# What the task requires
The data below contains pictures, which are to be skipped; the lines starting at the line with "Used 2022 Chevrolet" and ending at the line with "extant_XenaWarriorPrincess_5x02_Chakram_1759" are to be output exactly, both ends included.

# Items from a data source
★ ★ ★ ★

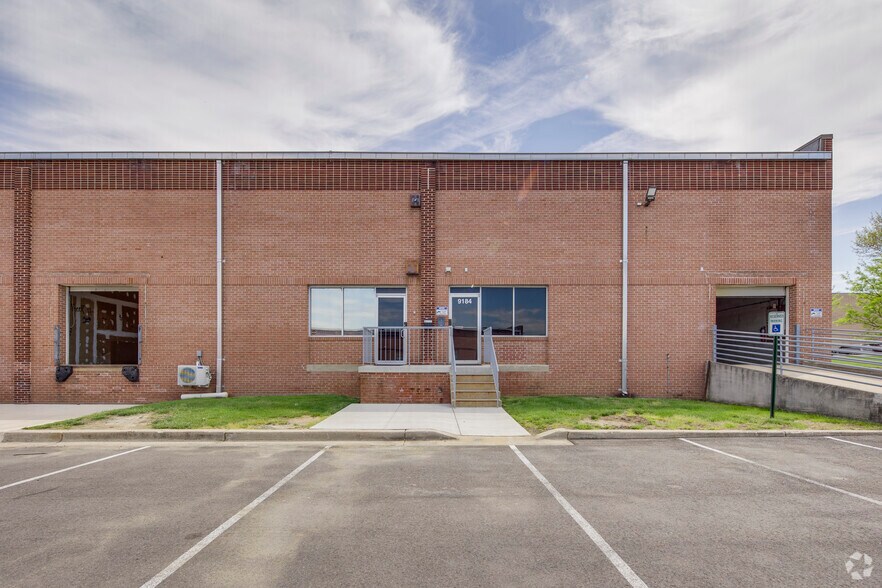 9100-9136 E Hampton Dr, Capitol Heights, MD à louer - Photo de l’immeuble – Image 3 sur 21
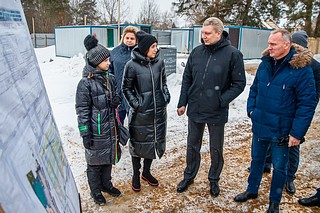 Ход строительства школы на 550 учеников в Горках-2 проверил Андрей Иванов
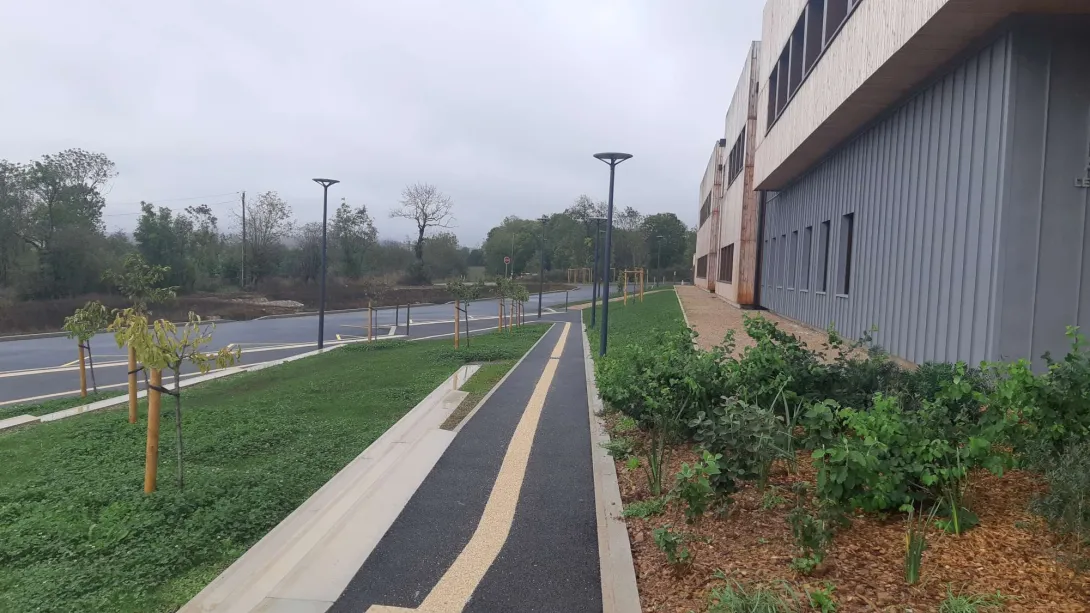 Le parvis public du collège, côté nord, sur un terrain en déclivité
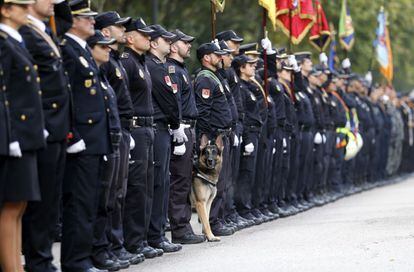 Agentes de Polic&iacute;a, incluido un perro, en la exhibici&oacute;n del Cuerpo Nacional de Polic&iacute;a con motivo de la celebraci&oacute;n del Fiesta Nacional del Doce de Octubre en el paseo de Coches del parque de El Retiro de Madrid.  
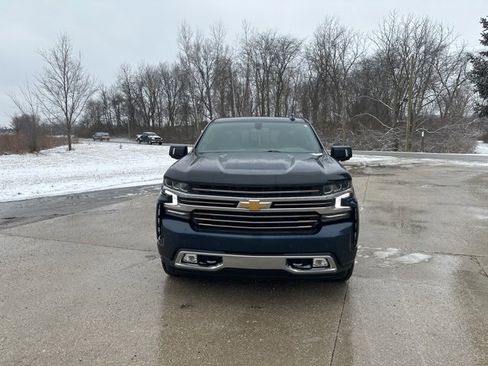 Used 2022 Chevrolet Silverado 1500 High Country w/ Z71 Off-Road Package image 2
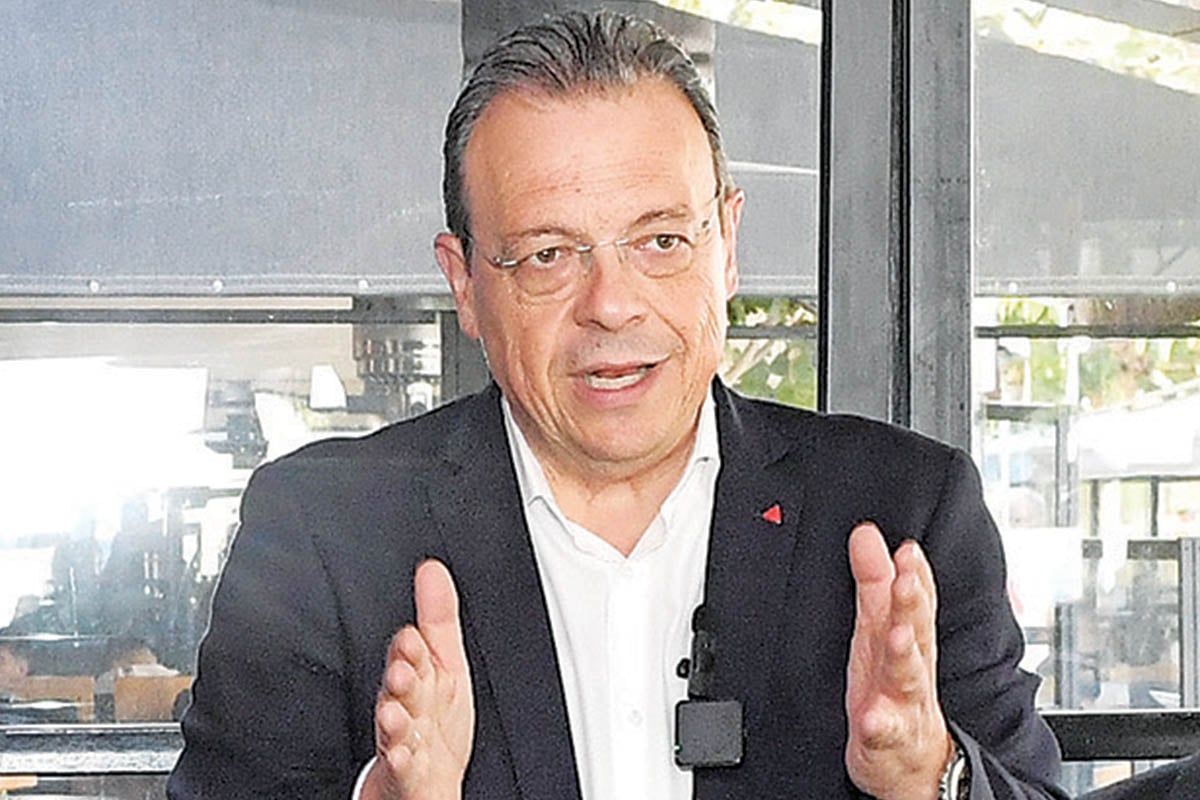 Σωκράτης Φάμελλος: «Φάρμακο» για τις πληγές, αλλά χωρίς δυναμισμό
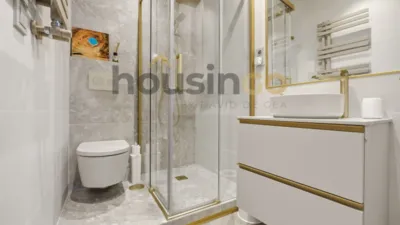Apartment in Salamanca District photo 22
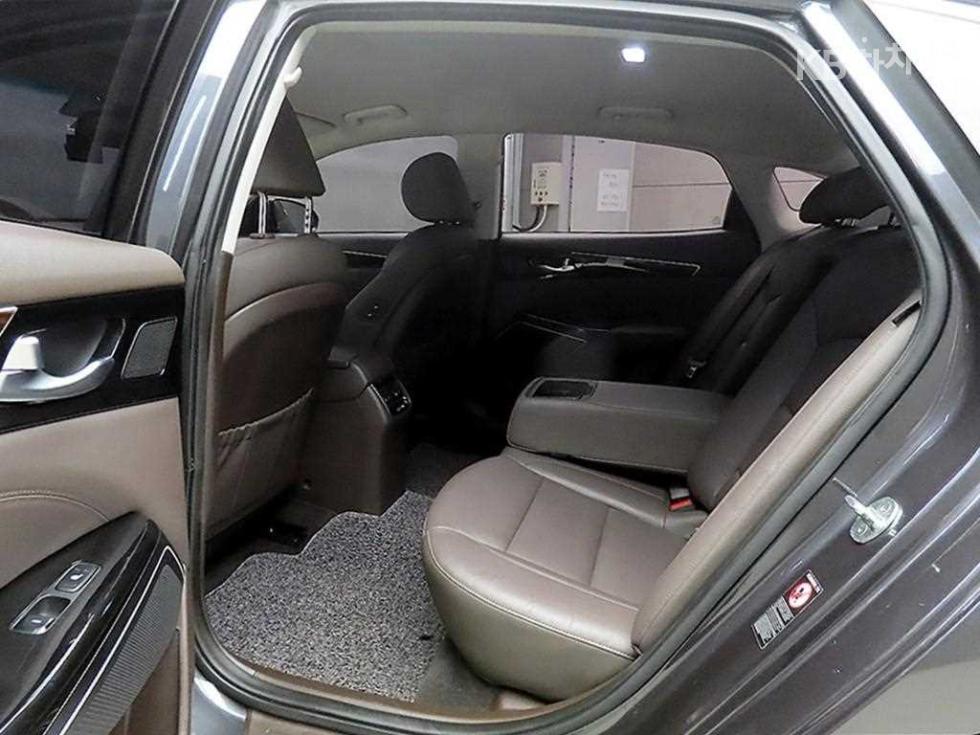 2019 - kia k7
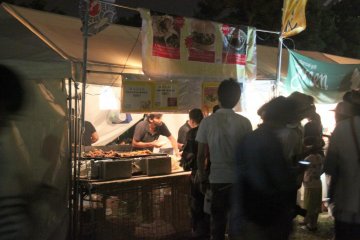 Almost every food stall near the stage had a queue.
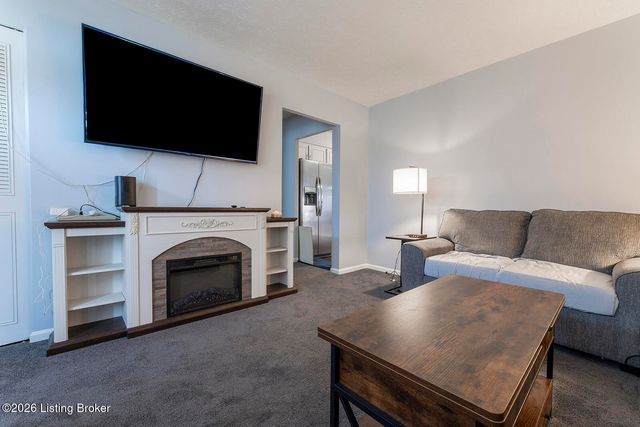 163 Blossom Rd, Louisville, KY 40229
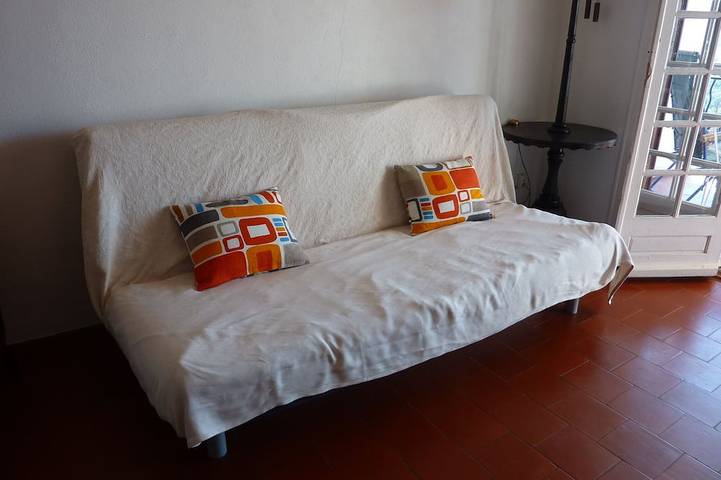 Gîte pour 4 personnes, avec terrasse dans Office De Tourisme De La Cadiere D Azur - 2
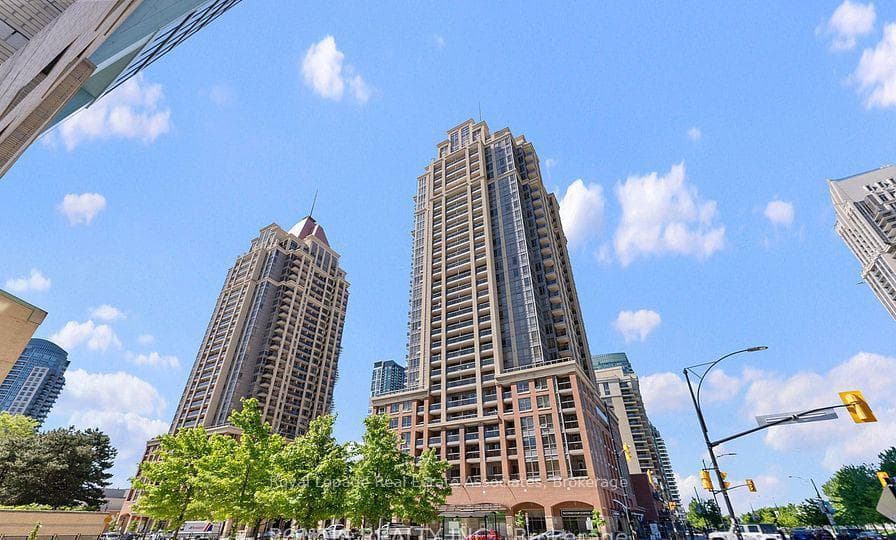 330 Princess Royal Drive Unit 319, Mississauga, ON L5B 4P7 - Photo 1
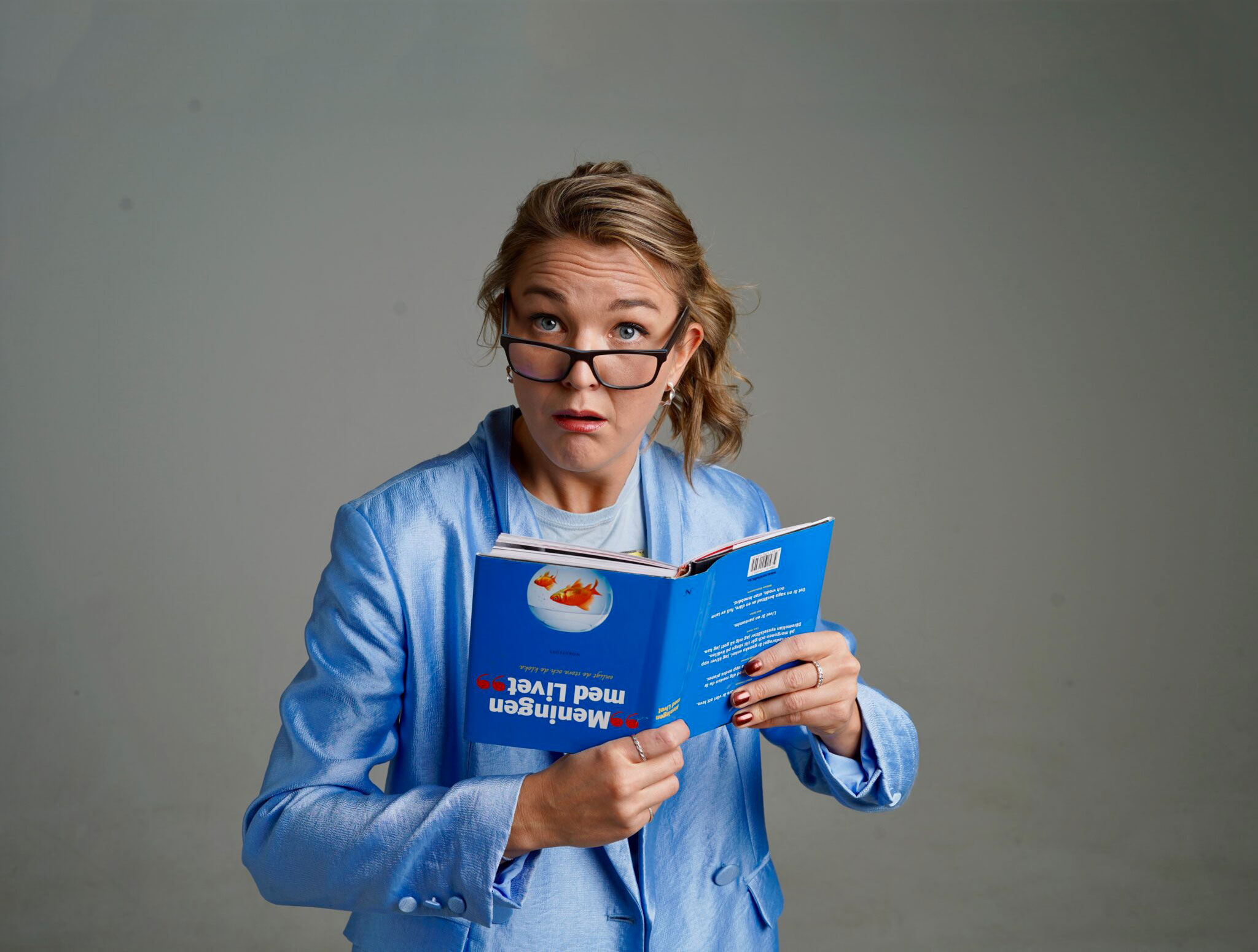 Boka Elin Almén för standup, föreläsningar eller impro – Kulturaktiebolaget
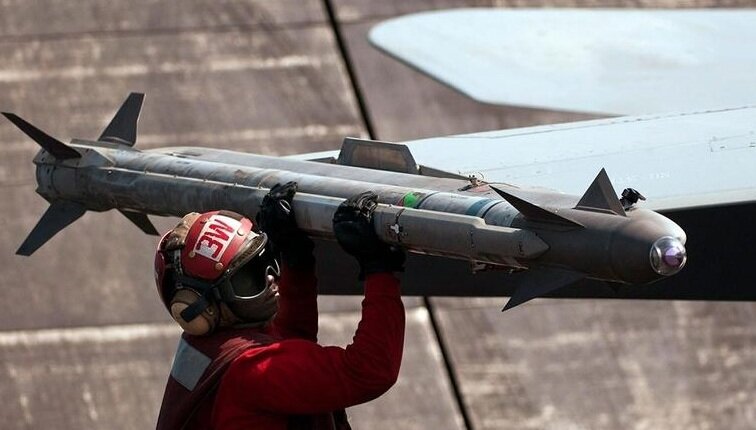 آشنایی با موشک ایم ۹ سایدوایندر (تصاویر)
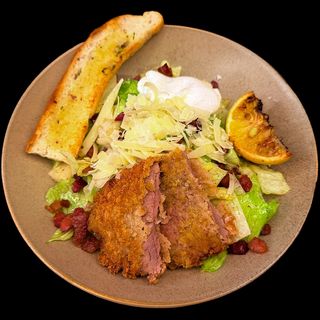 Салата Цезар с панирано телешко бон филе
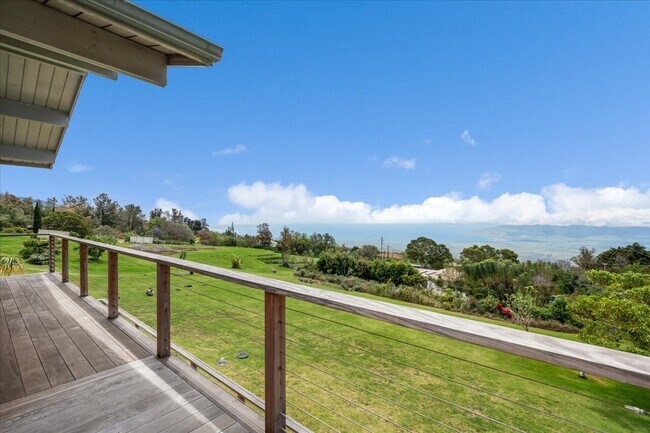 Building Photo - 18-505 Haleakala Hwy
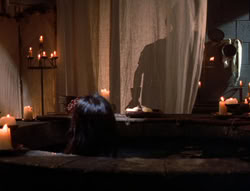 extant_XenaWarriorPrincess_5x02_Chakram_1759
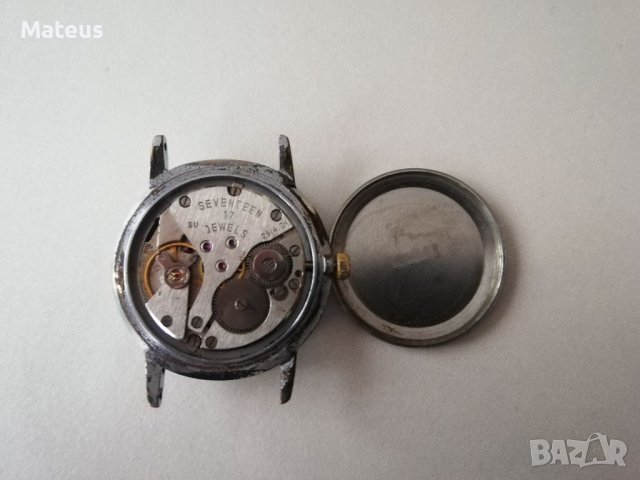 Полет механичен часовник, снимка 7 - Антикварни и старинни предмети - 40452326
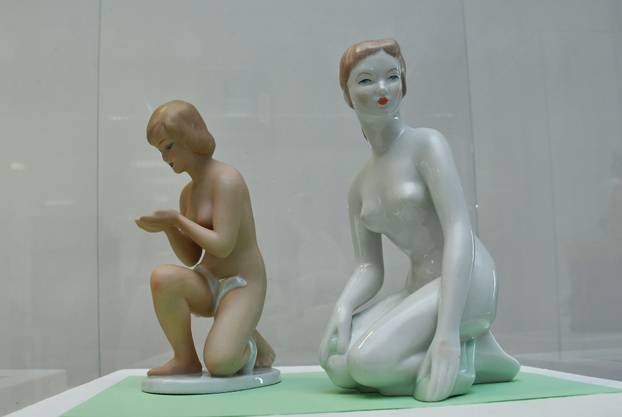 Krhka ljepota porculana: Divni komadi na izložbi u Sl. Brodu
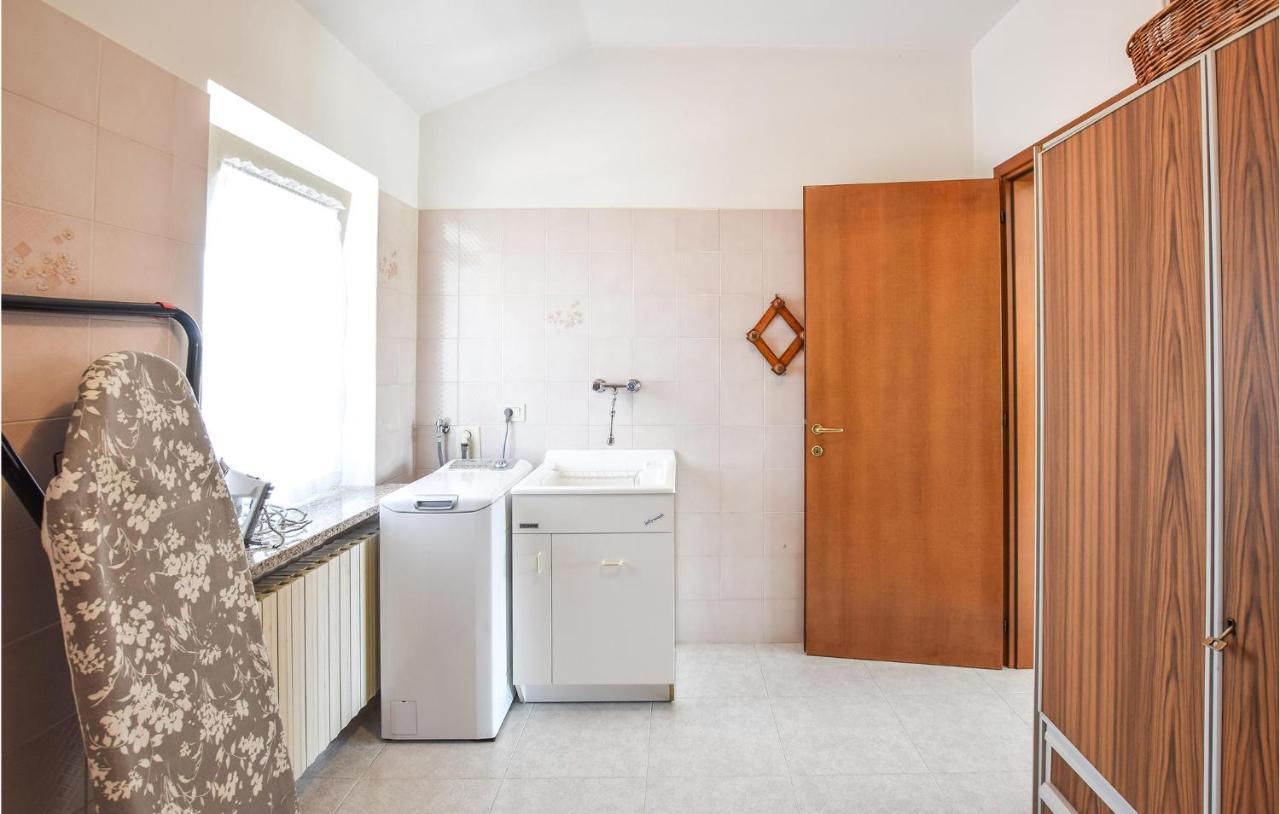 2 Bedroom Cozy Apartment In Grado Exteriér fotografie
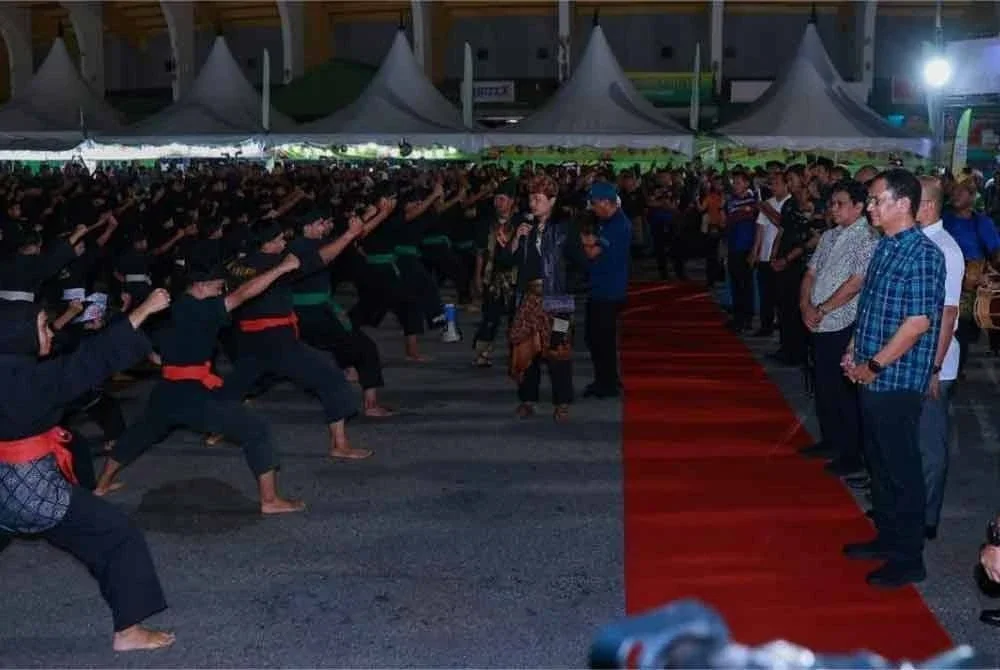Ketibaan Tengku Sarafudin disambut dengan persembahan lebih 2,000 pesilat cilik dan remaja yang mempersembahkan gerak ‘Jurus Bunga Teratai’ yang memukau.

★ ★ ★ ★

# Expected output
 Used 2022 Chevrolet Silverado 1500 High Country w/ Z71 Off-Road Package image 2
 Σωκράτης Φάμελλος: «Φάρμακο» για τις πληγές, αλλά χωρίς δυναμισμό
Apartment in Salamanca District photo 22
 2019 - kia k7
 Almost every food stall near the stage had a queue.
 163 Blossom Rd, Louisville, KY 40229
 Gîte pour 4 personnes, avec terrasse dans Office De Tourisme De La Cadiere D Azur - 2
 330 Princess Royal Drive Unit 319, Mississauga, ON L5B 4P7 - Photo 1
 Boka Elin Almén för standup, föreläsningar eller impro – Kulturaktiebolaget
 آشنایی با موشک ایم ۹ سایدوایندر (تصاویر)
 Салата Цезар с панирано телешко бон филе
 Building Photo - 18-505 Haleakala Hwy
 extant_XenaWarriorPrincess_5x02_Chakram_1759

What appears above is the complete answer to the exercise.